Qualified workers can make more money doing similar jobs in the City of Kingston than they can working for Southern Frontenac Community Services.

“It would not be fair to the rest of our employees if we paid the homelessness prevention workers on a different scale,” he said.

The situation came to a head this spring, when 2 workers left for other jobs in the region and an attempt to recruit new workers proved unsuccessful.

Townsend said that Home Based Housing, the agency that runs the homelessness prevention program in Kingston, is providing some service in Frontenac County. People seeking service are encouraged to call them directly at 613-542-6672

“We are concerned about the impact in Central and North Frontenac,” said Louise Moody, Executive Director of Rural Frontenac Community Services, based in Sharbot Lake. ‘We are continuing to offer services for youth at risk of homelessness through the United Way program, but there is a fair bit of need in our communities for the kind of services that this program offered.”

A new request for proposal for the provision of the service in Frontenac County will be prepared in the coming weeks, Moody has been informed.
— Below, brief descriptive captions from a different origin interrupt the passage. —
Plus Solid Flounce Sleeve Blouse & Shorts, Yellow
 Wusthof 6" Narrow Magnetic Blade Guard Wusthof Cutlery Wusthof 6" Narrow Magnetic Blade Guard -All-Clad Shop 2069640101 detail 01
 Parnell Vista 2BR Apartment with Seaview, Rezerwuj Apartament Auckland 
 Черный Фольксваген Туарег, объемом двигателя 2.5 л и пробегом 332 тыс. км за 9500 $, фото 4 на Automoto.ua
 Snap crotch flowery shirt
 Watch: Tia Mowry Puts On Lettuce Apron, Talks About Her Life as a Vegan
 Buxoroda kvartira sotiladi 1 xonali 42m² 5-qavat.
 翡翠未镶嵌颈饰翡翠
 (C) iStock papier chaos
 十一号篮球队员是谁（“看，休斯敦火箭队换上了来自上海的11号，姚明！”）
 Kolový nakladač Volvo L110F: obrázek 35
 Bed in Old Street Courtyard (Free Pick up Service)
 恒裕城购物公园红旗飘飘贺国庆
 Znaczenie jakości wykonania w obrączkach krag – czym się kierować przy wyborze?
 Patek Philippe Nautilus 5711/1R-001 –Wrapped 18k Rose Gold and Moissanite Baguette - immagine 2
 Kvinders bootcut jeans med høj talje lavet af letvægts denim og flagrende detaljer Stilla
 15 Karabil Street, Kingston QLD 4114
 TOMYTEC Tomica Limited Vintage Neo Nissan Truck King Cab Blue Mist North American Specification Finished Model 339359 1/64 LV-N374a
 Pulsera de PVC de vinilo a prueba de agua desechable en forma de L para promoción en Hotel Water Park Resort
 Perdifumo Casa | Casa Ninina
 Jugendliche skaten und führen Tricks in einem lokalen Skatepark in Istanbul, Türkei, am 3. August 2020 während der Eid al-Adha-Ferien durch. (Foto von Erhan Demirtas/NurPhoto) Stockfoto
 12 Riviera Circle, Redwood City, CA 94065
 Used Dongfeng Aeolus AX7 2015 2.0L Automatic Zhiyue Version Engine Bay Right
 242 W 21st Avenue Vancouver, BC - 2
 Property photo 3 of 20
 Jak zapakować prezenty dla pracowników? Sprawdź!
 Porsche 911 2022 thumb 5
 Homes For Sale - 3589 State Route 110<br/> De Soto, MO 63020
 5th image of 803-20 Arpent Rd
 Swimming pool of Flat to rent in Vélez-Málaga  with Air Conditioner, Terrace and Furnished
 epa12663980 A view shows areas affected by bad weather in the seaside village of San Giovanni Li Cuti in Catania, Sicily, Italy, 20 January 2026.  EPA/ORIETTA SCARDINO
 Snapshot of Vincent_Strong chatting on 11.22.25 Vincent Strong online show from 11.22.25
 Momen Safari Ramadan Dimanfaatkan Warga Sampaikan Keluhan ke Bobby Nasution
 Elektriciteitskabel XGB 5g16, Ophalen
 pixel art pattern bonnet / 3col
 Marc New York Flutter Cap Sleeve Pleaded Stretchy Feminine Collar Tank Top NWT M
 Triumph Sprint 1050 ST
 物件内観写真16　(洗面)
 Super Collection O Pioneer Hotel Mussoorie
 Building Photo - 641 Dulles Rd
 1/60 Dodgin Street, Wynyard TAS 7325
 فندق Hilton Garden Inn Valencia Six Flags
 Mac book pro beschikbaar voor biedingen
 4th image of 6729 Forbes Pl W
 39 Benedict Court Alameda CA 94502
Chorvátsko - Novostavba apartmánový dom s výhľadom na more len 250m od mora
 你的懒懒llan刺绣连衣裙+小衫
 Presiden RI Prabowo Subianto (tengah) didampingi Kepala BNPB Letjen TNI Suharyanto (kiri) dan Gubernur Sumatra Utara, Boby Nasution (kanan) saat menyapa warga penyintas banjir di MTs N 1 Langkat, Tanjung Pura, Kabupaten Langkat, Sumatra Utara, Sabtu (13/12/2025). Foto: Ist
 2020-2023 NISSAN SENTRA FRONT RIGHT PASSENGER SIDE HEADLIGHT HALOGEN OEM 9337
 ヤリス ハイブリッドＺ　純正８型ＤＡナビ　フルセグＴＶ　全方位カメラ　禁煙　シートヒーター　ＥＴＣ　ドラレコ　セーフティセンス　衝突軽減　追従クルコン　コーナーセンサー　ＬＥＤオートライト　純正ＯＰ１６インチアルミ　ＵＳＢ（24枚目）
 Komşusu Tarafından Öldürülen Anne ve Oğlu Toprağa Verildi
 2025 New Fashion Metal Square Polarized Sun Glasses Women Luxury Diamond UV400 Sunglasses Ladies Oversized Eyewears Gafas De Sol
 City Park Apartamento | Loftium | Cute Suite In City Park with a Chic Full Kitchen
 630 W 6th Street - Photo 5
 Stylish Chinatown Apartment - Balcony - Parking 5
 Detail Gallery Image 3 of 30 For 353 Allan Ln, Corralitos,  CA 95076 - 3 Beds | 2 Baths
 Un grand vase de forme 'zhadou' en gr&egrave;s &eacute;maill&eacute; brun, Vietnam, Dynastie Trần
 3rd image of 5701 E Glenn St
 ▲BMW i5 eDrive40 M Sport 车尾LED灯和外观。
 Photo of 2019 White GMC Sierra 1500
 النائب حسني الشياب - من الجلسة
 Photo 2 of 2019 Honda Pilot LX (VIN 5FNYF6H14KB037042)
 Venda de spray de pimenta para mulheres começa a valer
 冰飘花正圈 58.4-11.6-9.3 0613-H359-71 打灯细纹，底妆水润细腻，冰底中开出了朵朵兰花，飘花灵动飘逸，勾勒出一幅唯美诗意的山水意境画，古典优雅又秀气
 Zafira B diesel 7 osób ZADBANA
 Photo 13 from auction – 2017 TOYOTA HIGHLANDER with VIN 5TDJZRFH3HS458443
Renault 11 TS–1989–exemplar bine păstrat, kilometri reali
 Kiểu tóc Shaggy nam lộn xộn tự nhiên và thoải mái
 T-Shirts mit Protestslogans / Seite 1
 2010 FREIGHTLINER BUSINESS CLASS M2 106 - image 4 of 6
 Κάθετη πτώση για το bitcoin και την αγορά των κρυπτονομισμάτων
“For our agency, it would be best if the territory was split and we could prepare a proposal to serve the region from Verona north, but we understand that this will not happen. AS far as we know, it will be same territory as it was before, all of Frontenac County. We do serve all of the county with the EarlyOn program, so we know the territory, but it would be a stretch for us. Our board will decide if we can reasonably provide this service as well, and if we have the administrative capacity to take on another program.”

In the meantime, Frontenac County residents who are homeless, at risk of becoming so, or living in inadequate housing, do not have the kind of direct support in navigating the system or accessing resources, that has been available over the last five years.

The City of Kingston is undertaking a five-year review of the 10-year homelessness prevention program, which had the elimination of homelessness as its stated goal.